Ensuite, et surtout, le rétablissement d’un pont de confiance : l’État a inspiré confiance, et les contribuables ont suivi.

Cette confiance s’appuie en partie sur la digitalisation, la simplification de l’acte d’investir et un vrai effort de communication.

L’administration se veut désormais accessible, sans crainte ni complexe, avec une logique de proximité jusque dans les directions des impôts. Administration et secteur privé avancent à un rythme parallèle, et l’interaction est devenue quasiment fluide.

Des bénéfices pour les retraites, mais des défis persistants

La transformation financière profite directement aux systèmes de retraite.

Une économie qui croît de l’ordre de 6 % ouvre des opportunités de placements rentables, ce qui se traduit par une meilleure gestion des portefeuilles des caisses et, donc, par un gain de pérennité.

L’ordre de grandeur est éloquent : lorsque la Bourse progresse de 20 %, les portefeuilles des compagnies d’assurance dégagent, par le jeu de la répartition des actifs, une performance de 15 à 18 %, contre 4 à 5 % auparavant.

Autant de gains qui allongent la durée de vie des caisses de quelques mois, voire de quelques années.

Mais cette contribution ne suffit pas à elle seule.
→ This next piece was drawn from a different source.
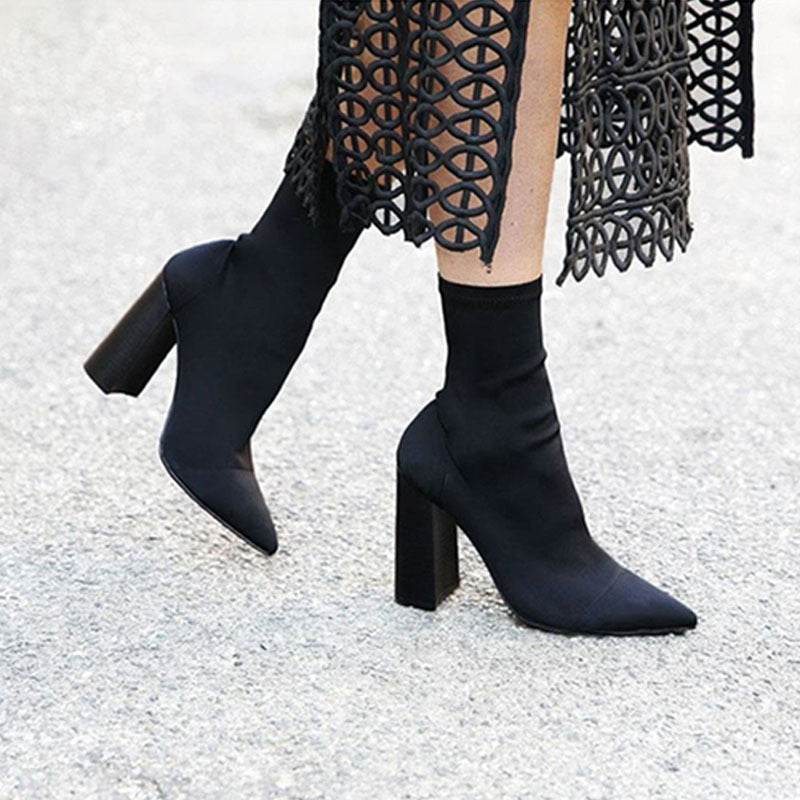 Wool stretch boots women thick heel sock boots ankle boots - Mubimart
La réforme paramétrique des régimes reste à mener, un chantier lourd mais incontournable qui incombera à la prochaine législature et au prochain gouvernement.

Pour autant, malgré tous ces acquis, la principale fragilité reste à adresser.

La croissance n’est pas encore homogène d’une région à l’autre ; elle n’est pas assez inclusive.

L’enjeu central consiste à faire en sorte que le taux de croissance bénéficie à la masse.

Le taux de pénétration s’est certes déjà élargi, facilitant l’intégration de populations désormais présentes dans des structures organisées, là où l’informel dominait.

Mais deux chantiers conditionnent la suite de la trajectoire à l’horizon 2030 : la réforme des retraites et une croissance mieux répartie entre les territoires.